MY MOVIE SHELF: Pump Up the Volume

movie shelf

The Task: Watch and write about every movie on my shelf, in order (Blu-rays are sorted after DVDs), by June 10, 2015.  Remaining movies: 166  Days to go: 159

Movie #217:  Pump Up the Volume

To my fifteen-year-old self, in the weeks before I started tenth grade, there was no teen heartthrob who made my heart throb harder than Christian Slater (that voice, those eyes, that irreverence, the very definition of cool), and there was no movie more essential, more profound, more knowledgeable about my thoughts and my fears than Pump Up the Volume. I wanted to live inside it and never come out, and oh how I wanted to be as brave and as bold (even if it was only on the inside) as Happy Harry Hard-On and the Eat Me-Beat Me Lady.

Slater plays Mark Hunter, a painfully shy student new to his high school in Arizona. He knows no one and doesn’t have the confidence to speak up, so he lives a pretty lonely, miserable existence. To vent his frustrations and speak his mind, he hides behind the anonymity of a pirate radio broadcast he performs from his basement (it was before there was an internet, much less forums and comment boards to troll), where he disguises his voice and calls himself Hard Harry and pantomimes (with sound effects, because radio) frequent masturbation on the air. Not that I really understood any of that at first.

I was a pretty goody-two-shoes kind of kid.
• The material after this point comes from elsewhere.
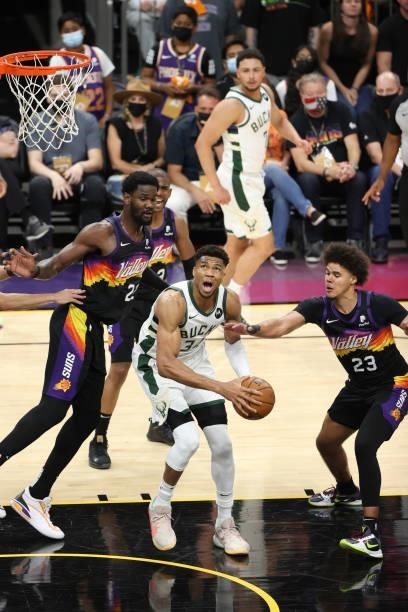 Cameron Johnson of the Phoenix Suns plays defense on Giannis Antetokounmpo of the Milwaukee Bucks during Game One of the 2021 NBA Finals on July 6,...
I mean, I liked to pretend I wasn’t, and it’s not like I never got into some mischief, but I rarely ever did anything really all that shocking or inappropriate or over the line. So when the movie came out, to be perfectly blunt, I’d never seen an erection up close, and I sure as hell couldn’t tell you if it was bigger than a baby’s arm. It was probably a year before I even knew all the phalluses in the film actually were phalluses, much less think to question where they all came from. I was also incredibly naive about male masturbation (girls don’t grow up just knowing this happens the way boys do, I don’t think — I certainly didn’t), so I didn’t understand all those references either. I eventually connected all the dots, of course, but I distinctly remember Not Quite Getting It at first.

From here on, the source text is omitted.